Mons. Schneider ha detto che è emersa all’interno della Chiesa una fazione con l’obiettivo di cambiare ufficiosamente la dottrina sui sacramenti.
di Emmanuele Barbieri (17-12-2015)
Mons. Athanasius Schneider, vescovo ausiliare della diocesi di Astana in Kazakhstan, e segretario generale della Conferenza dei vescovi cattolici di quel Paese, ha tenuto il 26 novembre, alla Fondazione Lepanto, una applauditissima conferenza sul tema del matrimonio cristiano.
Il vescovo ha esordito ricordando che Nostro Signore Gesù Cristo, restaurò la dignità originale della natura umana, ferita dal peccato, anche per quanto riguarda la sessualità dell’essere umano. I farisei e gli scribi cercarono di far legittimare da Gesù la pratica del divorzio, introdotta da Mosé a causa della durezza di cuore del popolo ebraico, ma Gesù proclamò loro e continua a proclamare agli uomini di tutti i tempi la verità divina, sul matrimonio, «non ammettendo alcun sofisma né alcuna eccezione in virtù di una pretesa prassi pastorale, come pretendevano i farisei e gli scribi».

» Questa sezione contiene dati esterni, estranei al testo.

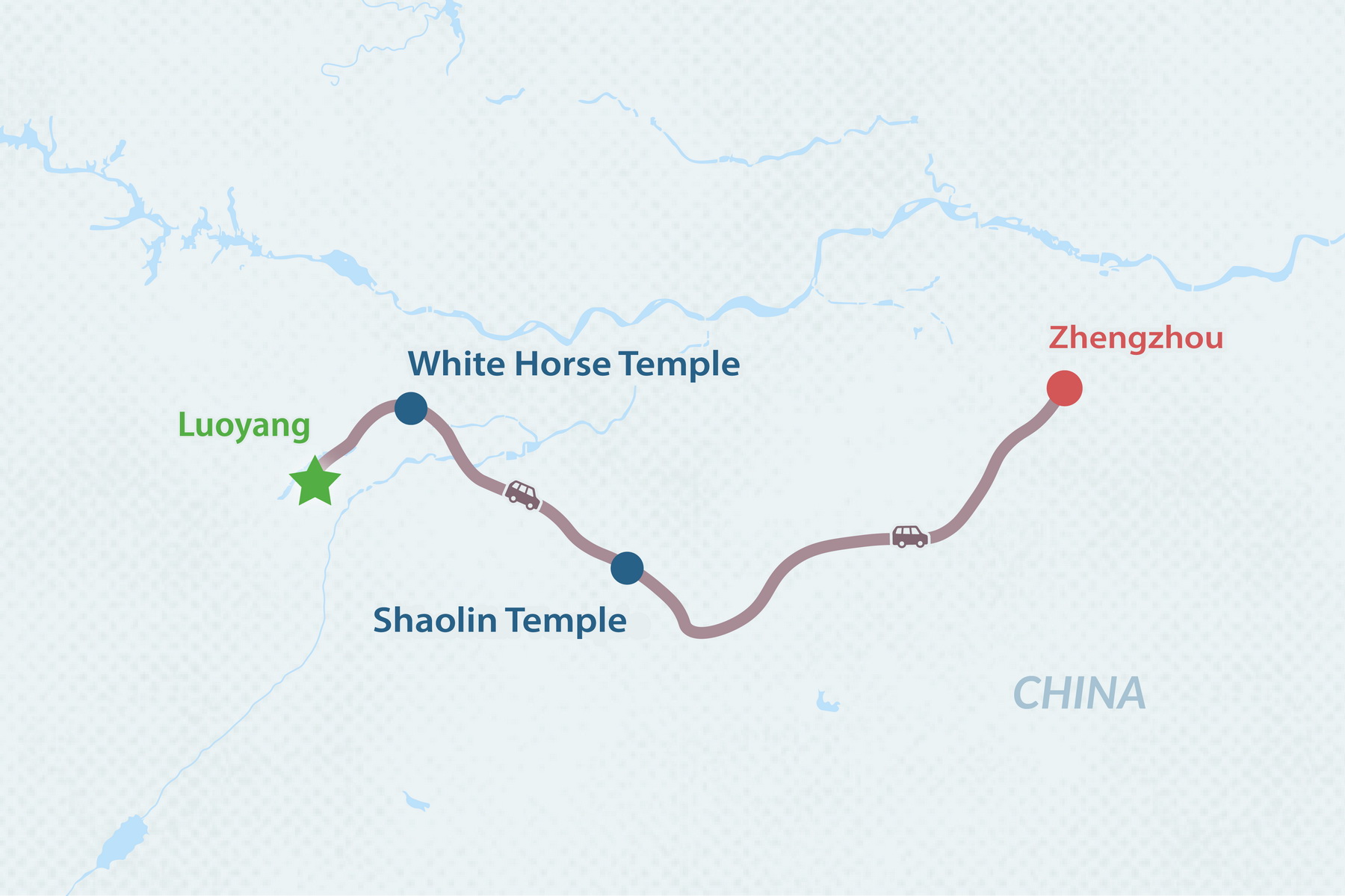 3-day Kungfu Exploring Tour Map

Nel Suo insegnamento Egli arriva persino a proclamare: «Chiunque guarda una donna per desiderarla, ha già commesso adulterio con lei nel suo cuore» (Mt 5, 28). «Questo comandamento di Cristo – ha ribadito mons. Schneider – è universalmente valido e significa che desiderare in maniera lussuriosa una persona che non è il proprio marito o la propria moglie, agli occhi di Dio è già, nell’intenzione, un peccato contro il sesto comandamento. Cristo quindi ha condannato ogni deliberato atto sessuale mentale e, a fortiori, corporale, al di fuori del matrimonio, in quanto contrario alla volontà di Dio».
Mons. Schneider ha aggiunto che negli ultimi anni è emersa all’interno della Chiesa una fazione, composta da sacerdoti e persino da vescovi e cardinali, con l’obiettivo di cambiare la pratica immemorabile della Chiesa cattolica, per la quale le persone divorziate, che vivono una relazione di adulterio permanente, non possono ricevere la Santa Comunione.
Gli argomenti usati da questa fazione ricordano quelli degli gnostici dell’era paleocristiana, secondo i quali era di fatto possibile una contraddizione tra la dottrina e la pratica, e la teoria di Martin Lutero sulla forza salvifica della fede, indipendentemente dal proprio stile di vita e persino dal pentimento e dalla vera emendazione. Tale fazione tenta di giustificare con sofismi anche il peccato degli atti omosessuali, adducendo a giustificazione di tali coppie le loro buone qualità. Ma la verità della Parola di Dio nella Sacra Scrittura resta pienamente valida in merito ai nostri giorni come lo fu al tempo di Gesù: «Non vi ingannate: né i lussuriosi, né gli adulteri, né quelli che praticano atti omosessuali erediteranno il regno di Dio» (1Cor 6, 9).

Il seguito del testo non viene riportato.